Georgia Koumará (born 1991 in Thessaloniki), is a Greek composer. She currently lives in Cologne. Her musical style plays with time (perceived, conceptual and measured), texture and energy, and her works are often quasi-theatrical in nature.

She was a student of Johannes Schöllhorn, Michalis Lapidakis, Kostas Siempis, Lenio Liatsou and Lilia Vaseiliadou.

Her 2012 work, astropedo, for voice and piano, is based on a text by Angelos Kyriou. The work explores various psychological states, some of them violent; the piano part is made percussive through the use of preparations, and the vocal part involves extensive use of extended vocal techniques.

In 2015, her orchestral work, Schrödinger's Cat, was performed by the WDR Orchestra, and was subsequently broadcast on WDR 3 on March 11, 2015.

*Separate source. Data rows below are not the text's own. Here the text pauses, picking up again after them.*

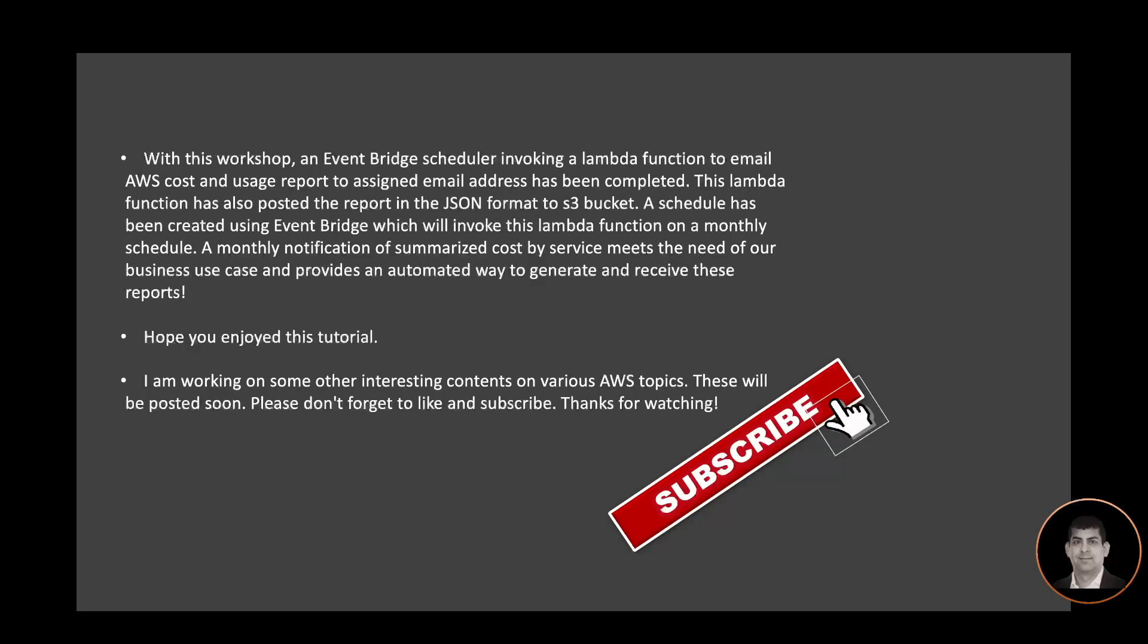Hope you enjoyed this tutorial. I'm working on some other interesting content on various AWS topics. These will be posted soon. Please don't forget to like and subscribe. Thanks for watching.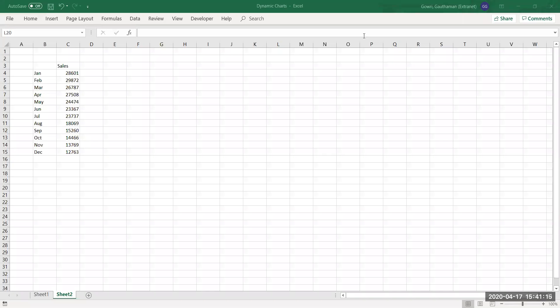This video is a continuation of the previous Excel Session 7, shared on April 15th. We could not record after the break in that class, so I'm recording this session separately. In this recording, I'm going to show you how to create a dynamic chart and an interactive chart using form controls and pivot tables.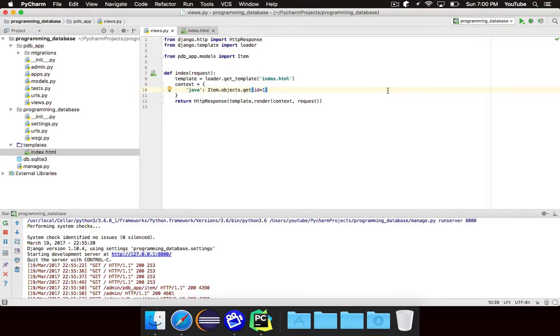Hello world, Noah here. Welcome to the next episode of Django by Example.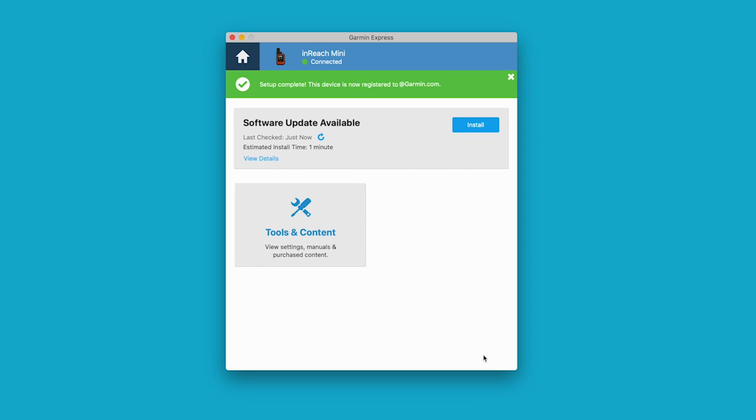Now, you can see the home page of the device. This is where you can check to see if there are any updates for your inReach Mini.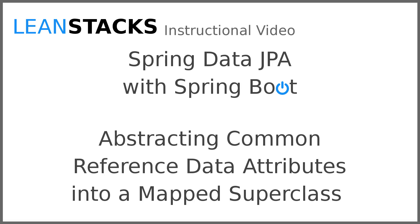I hope you have enjoyed this video. Subscribe to the LeanStacks YouTube channel and follow the LeanStacks Google Plus page to receive updates as new videos are published. As always, you can find more information on LeanStacks.com. To view the complete repository illustrated in this video, see the GitHub repository URL in this video's description.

Her work, Walk in and Find Your Supper, was commissioned and premiered in 2016 by the German ensemble hand werk at Cologne's New Talents festival. Written for flute, clarinet, violin, cello and performer, the piece tells the story of a game, where the musicians start by only playing their instruments, when gradually the performer enters: he is searching for an object on stage, the musicians reveal that they know where it is, but they are teasing him, and the piece ends with the performer frustrated, surrounded by chaos, as the four musicians verbally taunt him.

In 2018, she wrote Dangerous Conjectures for the German ensemble Ascolta, which was premiered at ECLAT festival in Stuttgart. In the same year, she also wrote a piece for the German duo leise dröhnung, called Through Hell & High Water.